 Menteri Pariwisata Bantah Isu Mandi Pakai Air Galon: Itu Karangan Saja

::::

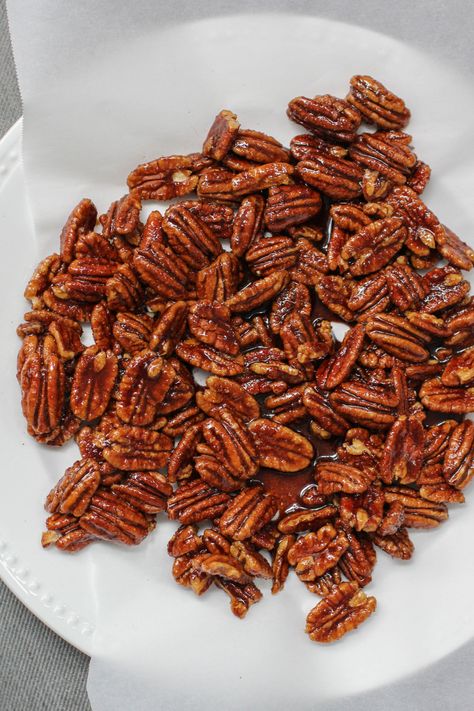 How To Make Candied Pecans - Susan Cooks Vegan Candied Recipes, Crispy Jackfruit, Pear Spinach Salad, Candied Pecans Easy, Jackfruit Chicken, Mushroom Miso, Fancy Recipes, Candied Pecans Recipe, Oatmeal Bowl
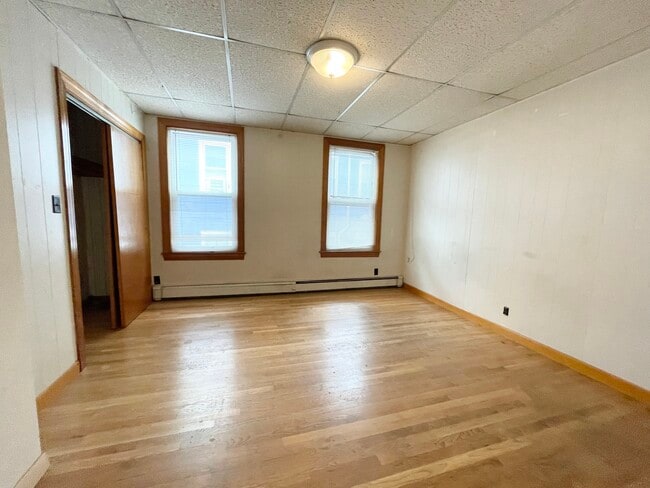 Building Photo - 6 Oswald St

::::

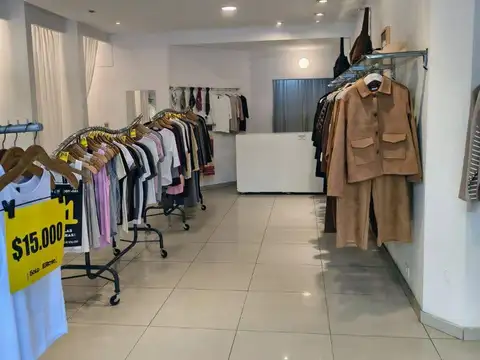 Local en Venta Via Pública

::::

▶ [Your goal]:
Extract, without any images, the part of the material above that opens with the line containing "How To Make" and closes with the line containing "Building Photo - 6 Oswald St", both lines included.

▶ [Response to the exercise]:
 How To Make Candied Pecans - Susan Cooks Vegan Candied Recipes, Crispy Jackfruit, Pear Spinach Salad, Candied Pecans Easy, Jackfruit Chicken, Mushroom Miso, Fancy Recipes, Candied Pecans Recipe, Oatmeal Bowl
 Building Photo - 6 Oswald St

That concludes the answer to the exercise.